Réalisateur de controverse, j’éprouve un vif intérêt pour le travail de Zack Snyder au point de ne pas le réduire à un plaisir coupable coutumier : car, exception faite d’un 300 l’étant définitivement, sa patte outrancièrement épique et sa générosité chronique composent une filmographie méritant davantage d’éloges. De fait, si Watchmen semble perçu à sa juste valeur, difficile d’en dire de même pour des Sucker Punch, Man of Steel ou encore Dawn of Justice… mais avant qu’il n’investisse pour de bon le DC Universe, un certain Le Royaume de Ga’Hoole passait par là.

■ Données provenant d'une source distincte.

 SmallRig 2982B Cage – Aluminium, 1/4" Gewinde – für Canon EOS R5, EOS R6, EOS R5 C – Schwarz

Étape certainement la moins renommée de sa carrière, cette adaptation d’une série de romans de l’auteure Kathryn Lasky vaut bien sa mention : nonobstant sa patente étiquette de récit pour enfants et sa qualité de film d’animation, celle-ci transpire sous toutes ses plumes la signature du susnommé, tout en proposant une relecture attendue mais divertissante du parcours initiatique d’un jeune Héros en devenir. Avec pas moins de quinze tomes, nul doute que le scénario d’Emil Stern et John Orloff offre une version tronquée comme ajustée de l’univers original, mais gageons (faute d’en avoir ouvert un) que le contrat est malgré tout rempli.

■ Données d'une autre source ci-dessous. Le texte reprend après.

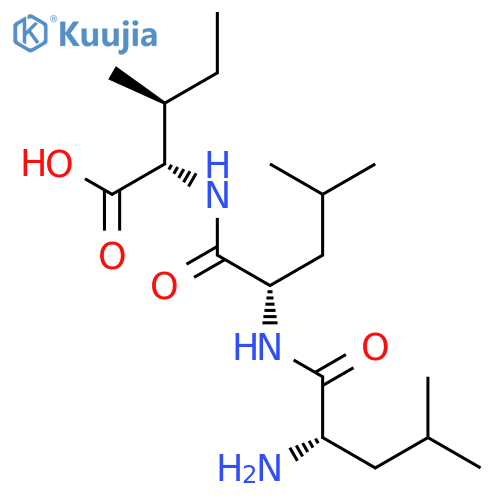 L-ISOLEUCINE, L-LEUCYL-L-LEUCYL- structure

Certes, Ga’Hoole satisfait tous les prérequis du concept de Joseph Campbell, mais son jusqu’au-boutisme et son rapport au concept de légende forcent l’attention : nous songeons naturellement à la matérialisation sciemment réaliste de ses Strigidaes, contrepoids et complément d’une teneur fantaisiste prépondérante, elle qui leur confère don de parole, de morale ou encore d’artisanat. Puis vient son rapport résolument premier degré au mythe, quitte à malmener de bout en bout la portée de ses symboles ou encore sa cohérence toute relative : pourtant, force est de constater que l’ensemble se tient au point de captiver, un émerveillement sporadique émergeant même ci et là au gré du style poseur de son metteur en scène.

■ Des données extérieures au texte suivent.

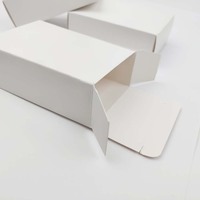 Vente en gros carton ondulé blanc avec logo imprimé personnalisé Boîte d'avion Boîtes d'emballage en carton pour bougie Portefeuille Papier d'expédition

Si nous pourrions lui reprocher sa grandiloquence commode, autant en souligner la verve majestueuse : Ga’Hoole est dès lors un pur produit à la Snyder, sa propension sans garde-fou à esthétiser et iconiser ses personnages offrant de quelques chouettes séquences… certes, l’usage presque abusif du slow motion risque d’en rebuter plus d’un, mais que voulez-vous ? Si nous pouvons débattre de la beauté du long-métrage, impossible de nier ses francs partis pris, parfaits supports d’une incursion au sein d’un royaume dépaysant à défaut de subjuguer. À ce titre, il est indéniable que l’intrigue souffre de son profond conventionnalisme, celle-ci paraissant régurgiter toute une pléiade d’inspirations en une pelote attendue.
Le fond fait donc quelque peu défaut à son bel écrin, sa prévisibilité chronique gâtant variablement l’immersion : l’effet s’incarne notamment dans le schéma balisé suivi par la narration, mais aussi dans l’usage de figures tierces dont la duplicité future ne fait d’ores et déjà aucun doute. Par ailleurs, Ga’Hoole pâtit vraisemblablement de sa faible durée tant il précipite les événements, scènes et autres points pivots perdant par voie de fait en crédibilité et impact… l’empreinte handicapante de pareils écueils n’est toutefois pas rédhibitoire au point d’invalider tout le reste, pour peu que comme moi vous soyez sensible à son atmosphère homérique.
Petite curiosité imparfaite mais divertissante que ce Snyder mineur en somme, une proposition de vol atypique comme téléphonée portée par son casting vocal aux petits oignons.